Give again the entries below exactly, beginning at the first line and ending at the line with "Bar III Black".

Dataset items

- Opening Delimiter -

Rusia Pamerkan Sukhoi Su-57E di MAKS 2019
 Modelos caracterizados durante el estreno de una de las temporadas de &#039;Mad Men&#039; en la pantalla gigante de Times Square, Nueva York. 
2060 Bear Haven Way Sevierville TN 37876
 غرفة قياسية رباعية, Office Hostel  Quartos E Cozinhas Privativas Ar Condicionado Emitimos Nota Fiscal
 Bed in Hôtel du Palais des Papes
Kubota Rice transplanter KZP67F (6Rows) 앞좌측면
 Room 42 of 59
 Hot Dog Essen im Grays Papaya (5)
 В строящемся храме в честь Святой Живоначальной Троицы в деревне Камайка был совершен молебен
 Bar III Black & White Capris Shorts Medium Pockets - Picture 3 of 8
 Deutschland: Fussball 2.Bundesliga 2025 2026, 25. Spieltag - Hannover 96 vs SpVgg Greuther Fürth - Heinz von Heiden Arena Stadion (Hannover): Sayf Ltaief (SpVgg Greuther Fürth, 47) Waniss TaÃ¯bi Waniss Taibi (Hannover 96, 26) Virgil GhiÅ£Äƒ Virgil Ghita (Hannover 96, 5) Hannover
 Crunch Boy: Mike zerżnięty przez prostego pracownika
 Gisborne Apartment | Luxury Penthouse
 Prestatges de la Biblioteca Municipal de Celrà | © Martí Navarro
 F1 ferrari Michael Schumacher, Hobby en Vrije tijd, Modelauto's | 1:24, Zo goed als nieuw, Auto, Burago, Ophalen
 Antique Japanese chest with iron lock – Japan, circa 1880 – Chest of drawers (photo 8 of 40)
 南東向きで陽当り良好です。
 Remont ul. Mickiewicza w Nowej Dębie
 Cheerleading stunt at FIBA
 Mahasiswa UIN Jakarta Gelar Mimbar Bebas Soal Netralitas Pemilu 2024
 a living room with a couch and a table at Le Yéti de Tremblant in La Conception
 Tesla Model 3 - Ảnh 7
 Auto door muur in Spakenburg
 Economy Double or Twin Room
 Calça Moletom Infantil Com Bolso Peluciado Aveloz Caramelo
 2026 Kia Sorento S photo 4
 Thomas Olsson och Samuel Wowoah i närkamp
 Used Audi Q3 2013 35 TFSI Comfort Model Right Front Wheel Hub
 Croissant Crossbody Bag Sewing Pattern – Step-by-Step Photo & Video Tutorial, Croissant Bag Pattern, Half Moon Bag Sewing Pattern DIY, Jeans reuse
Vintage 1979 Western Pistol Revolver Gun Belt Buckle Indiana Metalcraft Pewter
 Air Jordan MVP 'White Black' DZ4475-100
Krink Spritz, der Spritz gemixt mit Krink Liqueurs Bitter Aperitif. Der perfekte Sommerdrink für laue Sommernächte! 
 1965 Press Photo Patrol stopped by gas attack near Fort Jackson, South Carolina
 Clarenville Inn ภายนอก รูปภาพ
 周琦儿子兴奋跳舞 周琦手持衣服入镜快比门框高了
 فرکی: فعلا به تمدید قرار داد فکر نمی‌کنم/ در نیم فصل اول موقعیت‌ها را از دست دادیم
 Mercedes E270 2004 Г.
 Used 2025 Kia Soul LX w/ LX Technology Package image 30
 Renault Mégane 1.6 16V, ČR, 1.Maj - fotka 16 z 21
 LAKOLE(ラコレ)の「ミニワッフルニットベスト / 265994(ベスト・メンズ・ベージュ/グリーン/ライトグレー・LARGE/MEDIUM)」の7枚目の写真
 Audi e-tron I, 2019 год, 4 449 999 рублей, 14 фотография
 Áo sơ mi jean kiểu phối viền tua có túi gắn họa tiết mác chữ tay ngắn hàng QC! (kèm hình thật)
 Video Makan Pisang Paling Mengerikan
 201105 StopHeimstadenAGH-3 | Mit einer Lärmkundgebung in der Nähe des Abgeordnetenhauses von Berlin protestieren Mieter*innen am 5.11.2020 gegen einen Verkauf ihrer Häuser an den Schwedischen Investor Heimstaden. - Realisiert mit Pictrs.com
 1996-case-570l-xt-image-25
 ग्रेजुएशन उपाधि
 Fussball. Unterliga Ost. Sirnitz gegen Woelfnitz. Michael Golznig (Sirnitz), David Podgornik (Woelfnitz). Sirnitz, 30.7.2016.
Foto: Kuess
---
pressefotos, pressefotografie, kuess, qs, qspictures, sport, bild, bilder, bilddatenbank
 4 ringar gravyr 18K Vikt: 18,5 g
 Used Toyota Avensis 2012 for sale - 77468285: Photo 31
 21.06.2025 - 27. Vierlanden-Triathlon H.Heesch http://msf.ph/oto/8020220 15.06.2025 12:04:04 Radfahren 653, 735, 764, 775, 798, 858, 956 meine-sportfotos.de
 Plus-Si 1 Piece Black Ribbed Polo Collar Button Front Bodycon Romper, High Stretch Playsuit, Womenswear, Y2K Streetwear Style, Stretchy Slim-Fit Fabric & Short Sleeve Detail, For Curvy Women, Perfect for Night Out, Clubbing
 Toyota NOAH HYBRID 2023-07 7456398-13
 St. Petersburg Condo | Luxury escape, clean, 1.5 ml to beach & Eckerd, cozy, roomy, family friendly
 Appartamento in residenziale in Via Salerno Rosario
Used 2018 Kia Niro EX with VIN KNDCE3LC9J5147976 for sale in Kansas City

- Closing Delimiter -

Response to this exercise:
Rusia Pamerkan Sukhoi Su-57E di MAKS 2019
 Modelos caracterizados durante el estreno de una de las temporadas de &#039;Mad Men&#039; en la pantalla gigante de Times Square, Nueva York. 
2060 Bear Haven Way Sevierville TN 37876
 غرفة قياسية رباعية, Office Hostel  Quartos E Cozinhas Privativas Ar Condicionado Emitimos Nota Fiscal
 Bed in Hôtel du Palais des Papes
Kubota Rice transplanter KZP67F (6Rows) 앞좌측면
 Room 42 of 59
 Hot Dog Essen im Grays Papaya (5)
 В строящемся храме в честь Святой Живоначальной Троицы в деревне Камайка был совершен молебен
 Bar III Black & White Capris Shorts Medium Pockets - Picture 3 of 8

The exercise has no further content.